2.   Gist of the Green Paper

2.1

With this Green Paper, the Commission is launching a consultation among interested parties on how to improve the enforcement of monetary claims. It proposes the creation of a European system for the attachment of bank accounts as a possible solution.

2.2

The Commission starts by identifying existing enforcement problems in civil procedures in the ‘European judicial area’ resulting from the fragmentation of national rules in this area, and acknowledges that Regulation (EC) 44/2001 (Brussels I) (2) ‘does not ensure that a protective remedy such as a banking seizure obtained ex parte is recognised and enforced in a Member State other than the one where it was issued’.

2.3

In the Commission's opinion, this shortcoming could potentially distort competition between businesses, depending on the effectiveness of the judicial systems of the countries in which these businesses operate. It could thus form an obstacle to the smooth operation of the internal market, which requires uniform efficiency and speed in the recovery of monetary claims.

2.4

The Commission thus puts forward the proposal to create a ‘European order for the attachment of bank accounts which would allow a creditor to secure a sum of money due to or claimed by him by preventing the removal or transfer of funds held to the credit of his debtor in one or several bank accounts within the territory of the European Union’ and offers a detailed analysis of a possible legal framework for this, the parameters of which it sets in the form of 23 questions.

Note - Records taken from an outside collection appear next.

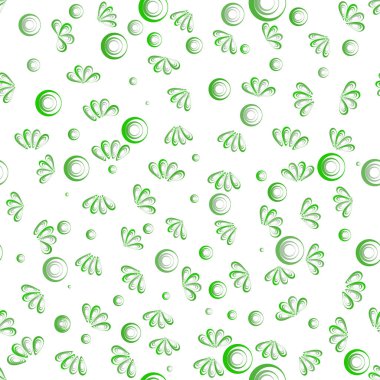 Dört renk deseni, turuncu, yeşil, mor veya mor ve mavi, eşmerkezli daireler ve midye şekilli.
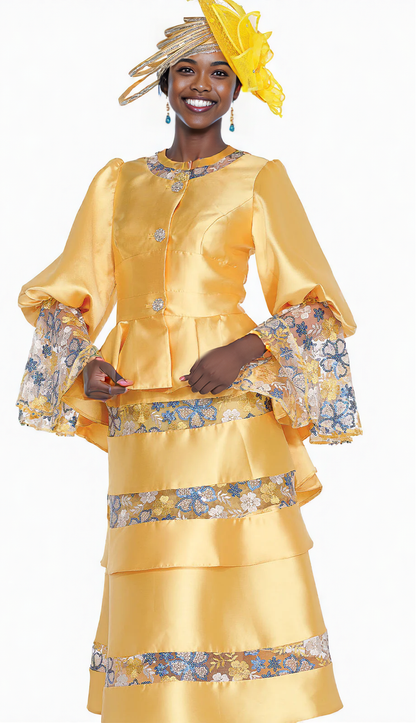 Aussie Austine 6025-GLD Church Suit for Ladies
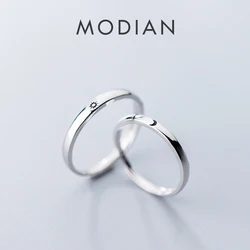 モディアン-925スターリングシルバーの結婚指輪,太陽と月の調節可能なリング,カップルの愛好家のための,クラシックでロマンチックなスタイル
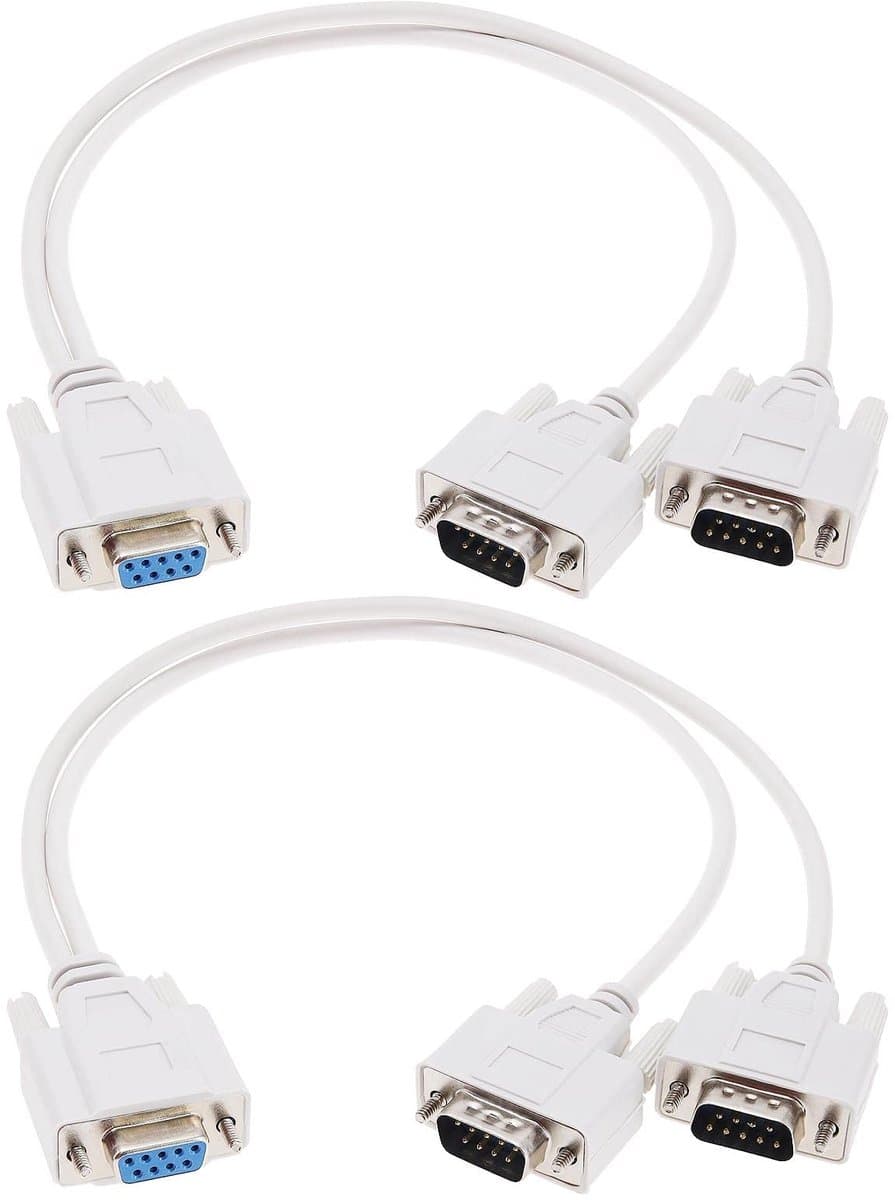 Dailygoods- Seriële Splitter Kabel 30cm - 2 Stuks DB9 - Vrouwelijke naar Mannelijke Connectoren - RS-232 Adapter - Hoge Compatibiliteit - Wit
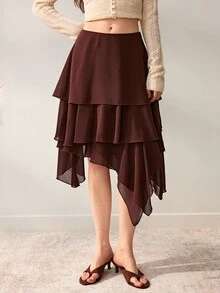 Willow Rêve Women's Brown Chiffon A-Line Asymmetrical Multi-Layer Ruffle Skirt, Solid Color Design, Layered Ruffle Craftsmanship, Fashionable Elegant Romantic Bohemian Style, Suitable For Summer Vacation, Party And Travel Outfits - Brown - View 4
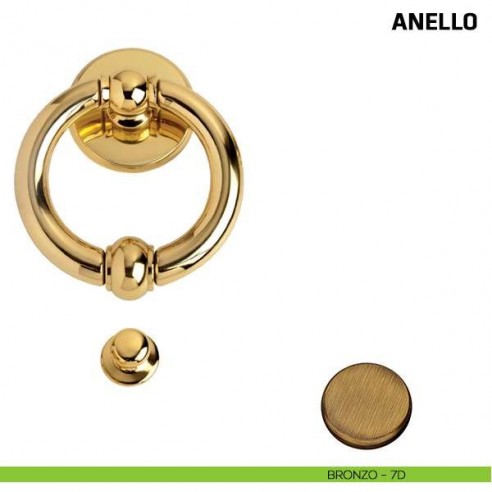 Battente per porta Anello Comit misura 135x80 mm bronzo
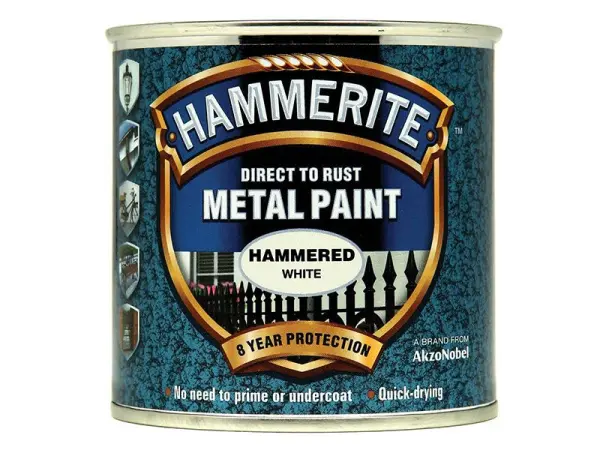 Hammerite Vernice per Metalli Direct to Rust - Bianco, Effetto Martellato, 250 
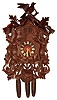 German Black Forest cuckoo and quail 30 hour carved wood clock, c1910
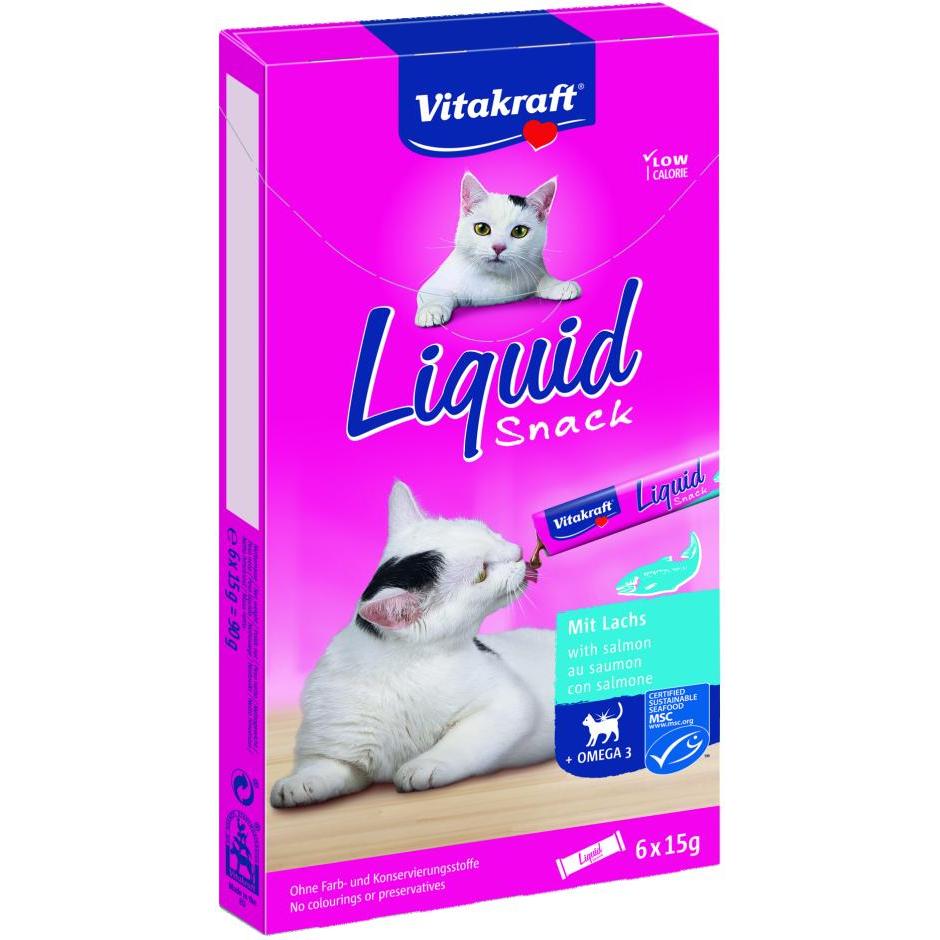 Vitakraft Cat Liquid Snack cremoso de salmón con Omega 3 6x15 g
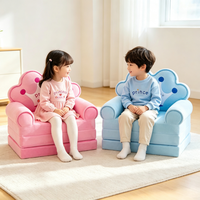 Plüschiges, faltbares Kindersofa-Bett 2-in-1, wandelbare Cartoon-Tasche mit waschbarem Bezug, geeignet für Kinderzimmer und Wohnzimmer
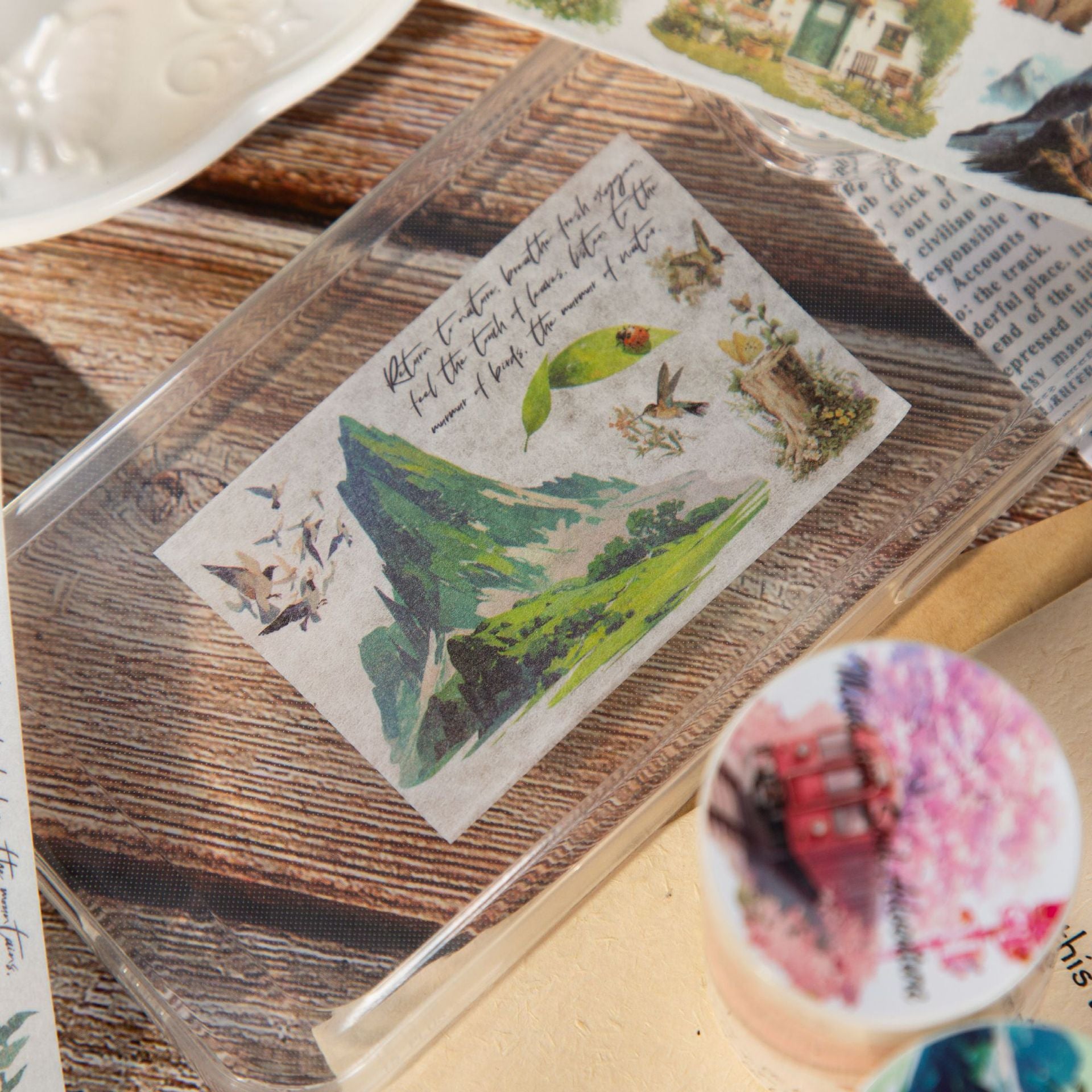 1 Roll Watercolor Landscpae Washi Tape PDLQMSJ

3.   Context of the initiative

3.1

This initiative rightly fits into a broader set of measures that the Commission has adopted with the laudable aim of creating a European judicial area that provides legal support for the completion of the internal market (3), in particular following the transformation of the Brussels Convention into a Community Regulation (4) and the Regulation creating a European Enforcement Order (5).

3.2

There is some truth in the Commission's practical comments on the problems in enforcing judgments in the different countries of Europe and on the differences in the regulations governing these judgments resulting from a lack of EU-level harmonisation of the enforcement process, with the consequences that it has correctly highlighted (6). It must also be said that these consequences will only have worsened with the recent accession of 12 new Member States. In this Green Paper, however, the Commission omits the crucial scrutiny of its initiative in relation to the principles of subsidiarity and proportionality.

3.3

This is not to say that the same result, or a result having a similar effect, could not have been obtained simply by amending one or two provisions in the Brussels I Regulation (notably Articles 31 and 47), extending its scope while retaining the existing system. This would have had clear benefits in terms of simplification (7).

3.4

The Commission has not yet carried out a preliminary impact assessment, which should take account not only of the 15 Member States whose situation was analysed in the study on which this Green Paper was based (8), but of all of the current Member States. It must be accompanied by a proper assessment of measures aimed at ensuring greater transparency regarding debtors' assets and the essential access to information on their bank accounts (with due respect for the protection of banking secrecy), because only by considering all these factors can a correct assessment be made of the initiative in terms of (a) the need for its existence, (b) its scope and (c) the rationale for it.

4.   General comments

4.1

The Committee has divided its comments into two categories:

a)

General comments on substantive issues concerning the nature and scope of the provision, and

b)

Specific comments on procedural issues.

4.2   Preliminary issue: terms and concepts

4.2.1

As the Green Paper is likely to be followed by a legal instrument (probably in the form of a Community regulation), the terms used to identify the concepts that will define the nature of the ensuing procedural order must be extremely rigorous and technically and legally precise in every Community language.

4.2.2

The current situation is that in at least five language versions (9), the terms used by the Commission to identify the type of measure it is contemplating are ambiguous and not necessarily equivalent. This could lead to technical or legal confusion as regards the legal nature of the provision. The Commission should therefore act swiftly to ensure the accuracy of the translations, in order to avoid uncertainty arising solely from the use of incorrect terminology (10).

4.2.3

From an analysis of the proposed conditions (the need to prove ‘fumus boni iuris’ and ‘periculum in mora’) and purpose (freezing or blocking sums deposited in bank accounts until the final judgment and enforcement in civil proceedings to recover monetary assets — obviously those of a civil or commercial nature and not those resulting from criminal proceedings), it seems fair to conclude that this is a protective order in the form of a preventive seizure.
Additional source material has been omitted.